If you have rabbits in your garden, you know what it feels like to look out in the morning and see a collection of bare nibbled stems where your plants used to be instead of beds filled with beautiful plants. Rabbits can be a menace in gardens, eating a wide variety of garden plants. While there’s no such thing as a completely rabbit-proof plant, there are some that seem less attractive to most rabbits. Here’s a list of some of the more successful rabbit-proof plants.

Top 10 rabbit proof plants

  1. Helleborus x hybridus (Hellebore): These useful perennials will grow in the shade, have attractive palmate evergreen leaves and flower in winter, adding colour to the garden. Not only rabbits but also slugs and snails find their tough leaves unappetizing. 
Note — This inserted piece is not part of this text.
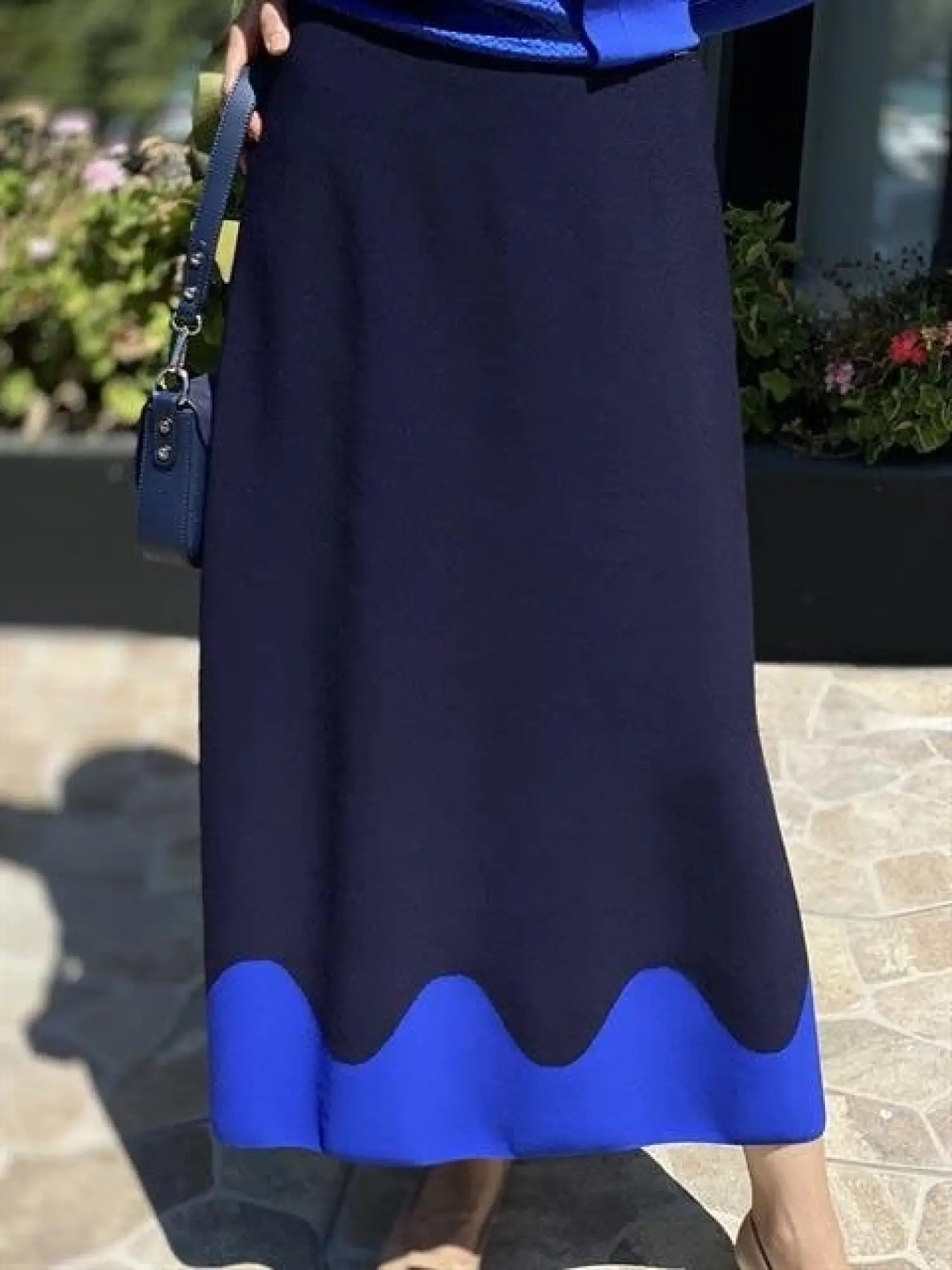 İnvee Etek Ucu Dalga Desenli Rayon Triko Evaze Etek 6905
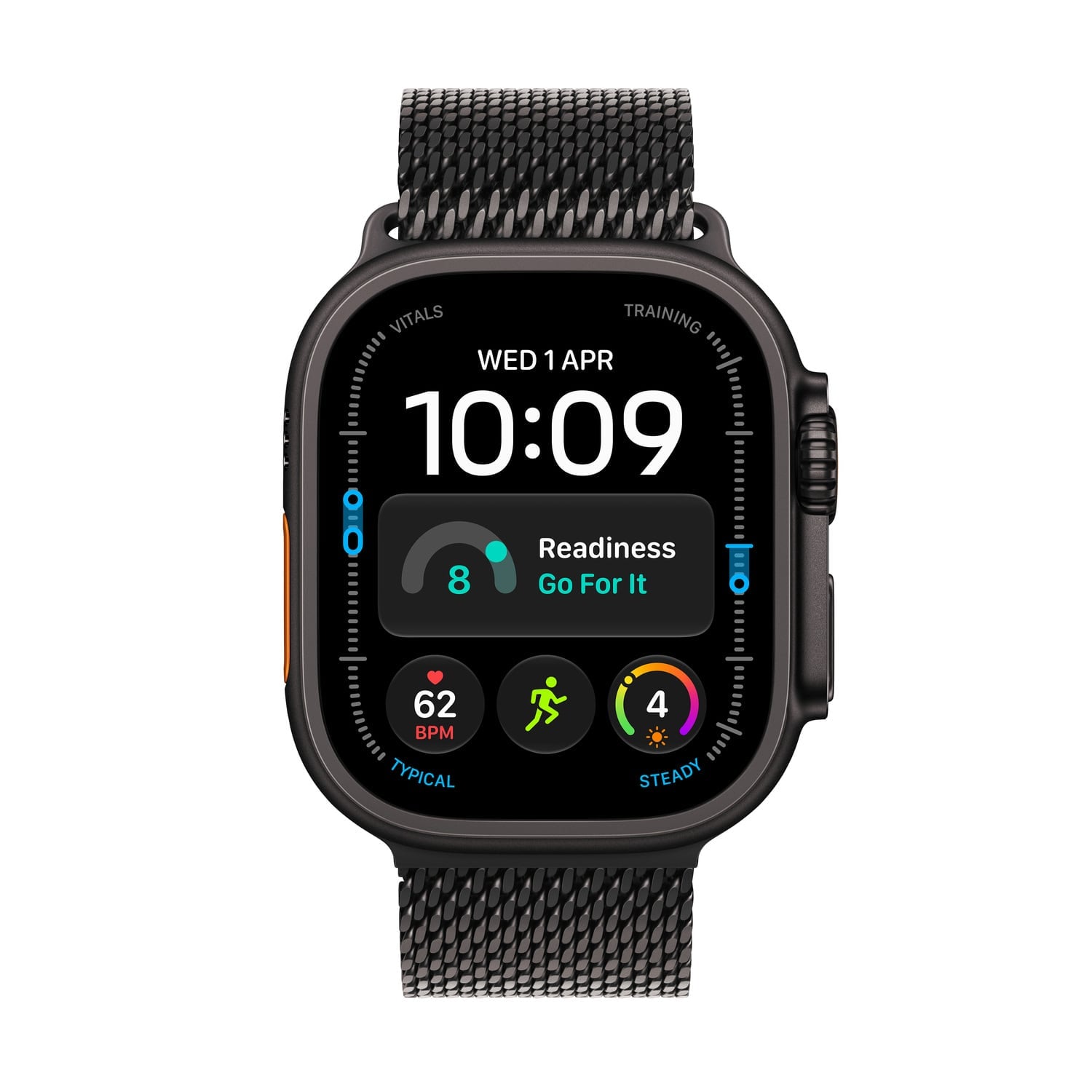 Apple Watch Ultra 4 GPS + Cellular Koperta 49mm z Tytanu w kolorze Czarnym z Bransoletą mediolańską z tytanu w kolorze Czarnym - S - zestaw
  2. Euphorbia characias subsp. wulfenii (Mediterranean spurge): An evergreen perennial with grey-green leaves and vivid acid-green flowers in spring. When cut, the stems ooze a milky white sap that will irritate the skin, so wear gloves when working with euphorbias and take care not to get the sap in your eyes.

  3. Digitalis (foxglove): A well-known and popular wildflower with tall flower spires in late spring and early summer. Foxgloves are biennial, producing leaves in their first year and flowers in their second, then setting seed and dying.  They grow well in the shade and will self-seed and spread slowly around the garden if the conditions are right.

  4. Alliums (ornamental onions): These easy-to-grow bulbs are a superb addition to a sunny border and range in size from compact chives (Allium schoenoprasum) to tall Allium giganteum with its enormous globe-like purple flower heads in summer.

  5. Agapanthus (African lily): Rounded blue or violet flower heads on tall stems above clumps of long strappy leaves. These natives of southern Africa look lovely in a sunny border.

  6. Acanthus (bear’s breeches): With their big leaves and tall, upright purple and white flower stems, Acanthus make a bold statement in a large border. They are happy in the shade but do tend to self-seed and spread.

  7. Tagetes patula (French marigolds): With their cheerful orange or yellow flowers, these marigolds brighten up pots and window boxes, and they’re also good companion plants in vegetable gardens, attracting pollinators and deterring aphids.

  8. Salvia x superba (hybrid sage): A classic border perennial with soft grey-green leaves and spires of purple flowers in late summer.

  9. Bergenia (elephants ears): A low-growing perennial with large, tough rounded leaves. It grows well in partial shade and flowers in early spring.

  10. Eryngium (sea holly): A striking perennial with steel blue foliage and spiky-looking flowers that magnet bees in summer. It does best in well-drained soil in full sun.